═════ SOURCE DATA

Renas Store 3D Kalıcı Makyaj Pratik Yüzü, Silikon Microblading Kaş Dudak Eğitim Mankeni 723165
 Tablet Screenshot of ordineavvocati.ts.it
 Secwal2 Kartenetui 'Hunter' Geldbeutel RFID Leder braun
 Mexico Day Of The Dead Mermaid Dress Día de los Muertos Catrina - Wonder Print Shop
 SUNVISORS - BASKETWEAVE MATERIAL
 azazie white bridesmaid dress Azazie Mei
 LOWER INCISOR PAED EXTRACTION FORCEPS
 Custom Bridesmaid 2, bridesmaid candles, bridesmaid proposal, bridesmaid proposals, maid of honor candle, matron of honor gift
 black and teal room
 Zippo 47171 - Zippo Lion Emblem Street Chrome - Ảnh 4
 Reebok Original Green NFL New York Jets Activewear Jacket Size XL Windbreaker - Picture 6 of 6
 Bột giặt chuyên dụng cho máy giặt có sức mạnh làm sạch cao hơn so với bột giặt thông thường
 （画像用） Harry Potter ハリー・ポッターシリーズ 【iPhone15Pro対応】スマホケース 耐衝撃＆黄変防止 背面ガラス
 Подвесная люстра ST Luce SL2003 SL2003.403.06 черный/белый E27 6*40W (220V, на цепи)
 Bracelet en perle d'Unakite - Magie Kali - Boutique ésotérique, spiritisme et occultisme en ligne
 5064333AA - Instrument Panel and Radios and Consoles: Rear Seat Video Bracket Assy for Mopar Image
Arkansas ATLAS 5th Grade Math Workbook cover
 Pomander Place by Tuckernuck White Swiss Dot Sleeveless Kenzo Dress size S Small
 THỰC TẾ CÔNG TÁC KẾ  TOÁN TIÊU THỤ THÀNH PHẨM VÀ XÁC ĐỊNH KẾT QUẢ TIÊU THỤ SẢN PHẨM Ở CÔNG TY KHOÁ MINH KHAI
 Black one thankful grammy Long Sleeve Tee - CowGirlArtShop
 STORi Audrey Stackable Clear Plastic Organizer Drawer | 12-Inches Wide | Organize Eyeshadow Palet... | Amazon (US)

══════════

_ASSIGNED TASK_.
Using only the listing above, restate exactly the lines from the line containing "Arkansas ATLAS 5th Grade Math Workbook cover" through the line containing "Black one thankful", both included.

_RESPONSE_.
Arkansas ATLAS 5th Grade Math Workbook cover
 Pomander Place by Tuckernuck White Swiss Dot Sleeveless Kenzo Dress size S Small
 THỰC TẾ CÔNG TÁC KẾ  TOÁN TIÊU THỤ THÀNH PHẨM VÀ XÁC ĐỊNH KẾT QUẢ TIÊU THỤ SẢN PHẨM Ở CÔNG TY KHOÁ MINH KHAI
 Black one thankful grammy Long Sleeve Tee - CowGirlArtShop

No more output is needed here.